Explanation: Fodor accepts a causal/nomological account of explanation. So he thinks that laws play a central role in explanation either by subsuming explananda or by backing a causal relations and processes. For example, we can explain why the introduction of massive amounts of paper money into the German economy in the 1920s drove gold coins out of circulation in terms of Gresham’s law. An aspect of his non-reductive view is that special science laws provide nomological structure that grounds explanations which are unavailable to physics.

Given (1) and (2) there is also a story in fundamental physics in which the micro-physical state (or processes) S1 of the world that realizes the process of the introduction of Bad Money into the German economy in the 1920s and fundamental dynamical laws lead to subsequent micro physical states (or processes) S2 that realize the removal of Good Money from the German economy. Needless to say this is not a story that we will ever have in hand or if we did we would recognize as an explanation. A Laplacian Demon who knows that S1 is the physical state in the 1920s could use the fundamental laws to explain S2 but still would not have an explanation of the disappearance gold coins from the economy since she needn't know that S2 realizes the disappearance of gold coins.

Let’s say that a “super Laplacian demon” also knows which micro physical states realize which special science properties. So the super demon knows that S2 realizes the hoarding of gold coins and S1 realizes the introduction of paper money. The interesting point is that Fodor and other non-reductionists (e.g. Kitcher) think that even so the super Laplacian demon would be missing the explanation since she wouldn't see how this explanation generalizes. She wouldn’t know that other instances of the introduction of bad money lawfully lead (ceteris paribus) to the disappearance of good money.[18] Kitcher’s says that from the demon’s perspective- the perspective of fundamental physics- special science generalizations appear to be coincidences. Here is his example

“…the regularity discovered by John Arbuthnot in the early eighteenth century. Scrutinizing the record of births in London during the previous 82 years, Arbuthnot found that in each year a preponderance of the children born had been boys; in his terms, each year had been a “male year”. Why does this regularity hold? Proponents of the Unity-of-Science view can offer a recipe for explanation, although they can’t give the details. Start with the first year (1623); elaborate the physiochemical details of the first copulation-followed-by-pregnancy showing how it resulted in a child of a particular sex; and continue in the same fashion for each pertinent pregnancy; add up the totals for male births and female births and compute the difference. It has now been shown why the first year was male; continue for all subsequent years. Even if we had this “explanation” in hand, and could assimilate all the details, it would still not advance our understanding. For it would not show that Arbuthnot’s regularity was anything more than a gigantic coincidence. By contrast we can already give a satisfying explanation by appealing to an insight of R.A. Fisher….”

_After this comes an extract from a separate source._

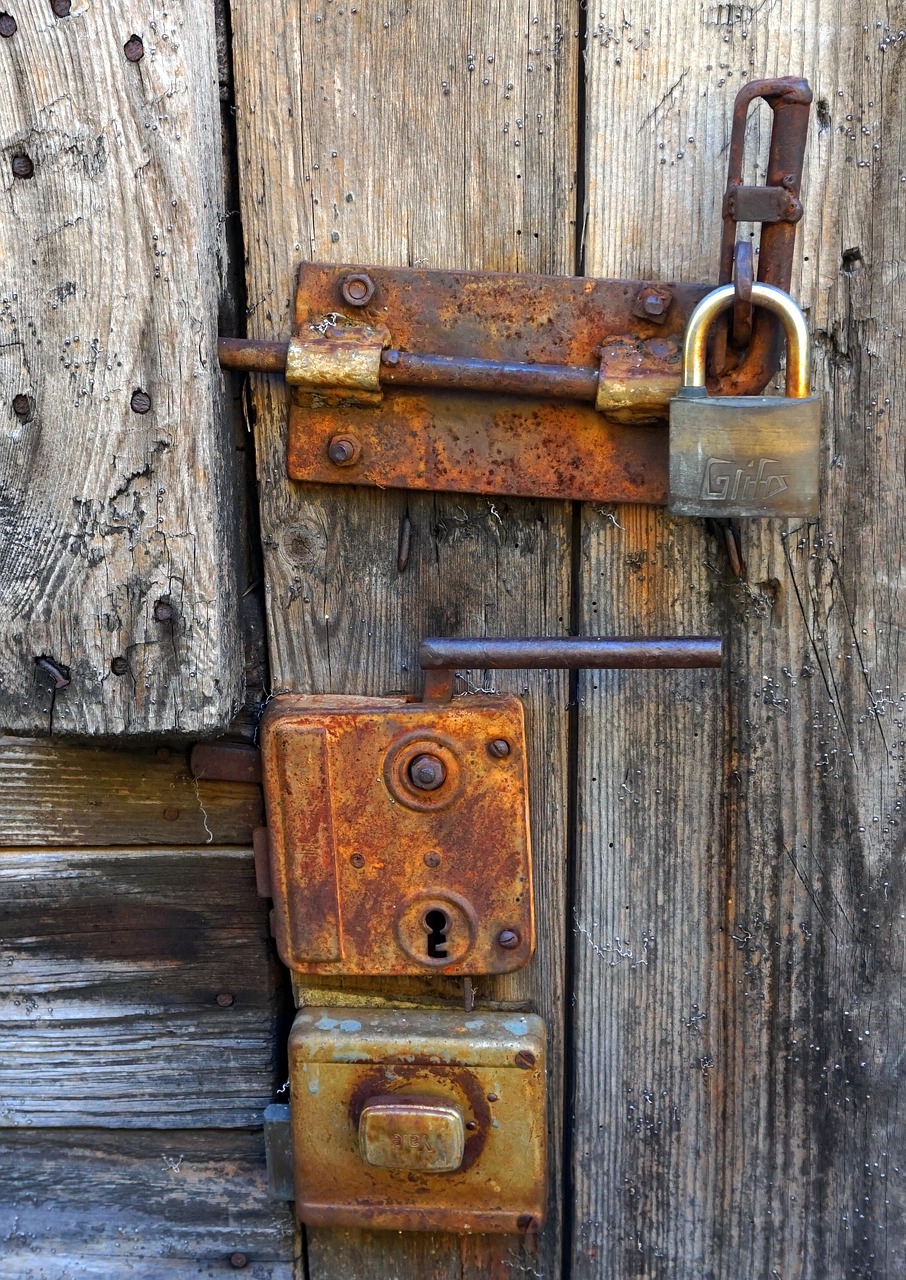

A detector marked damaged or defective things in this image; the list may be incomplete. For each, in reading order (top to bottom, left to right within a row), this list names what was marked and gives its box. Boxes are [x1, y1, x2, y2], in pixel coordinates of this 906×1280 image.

Fisher’s insight concerned the selective advantages under certain circumstances of sexual asymmetries in birth rates.

Fodor would agree; without Gresham’s law it would appear to be a coincidence that all those micro to-ings and fro-ings that realize the introduction of bad money lead to microstates that realize the disappearance of good money.

Causation: The explanation of the disappearance of good money in terms of the Introduction of bad money is a causal explanation. The property of being bad money introduced into the economy is in some way causally relevant to the disappearance of good money. There is considerable controversy concerning exactly what “causal relevance” means and what it takes for a property of a cause c to be causally relevant to its causing e. Fodor’s view is that if c causes e and there is a law N(F,G) (or a law Ncp(F,G) and the cp conditions are satisfied) which subsumes c and e then c’s being F is causally relevant to c’s causing e (and to its causing e to be G) and F is a causally relevant property. Of course, on his view if c’s causing e is covered by N(F,G) it is also covered by an implementing law of physics N(P,Q) (and perhaps other special science laws as well) so both F and P are both casually relevant to the causal transaction. There is thus a great deal of causal over determination on Fodor’s view.[19]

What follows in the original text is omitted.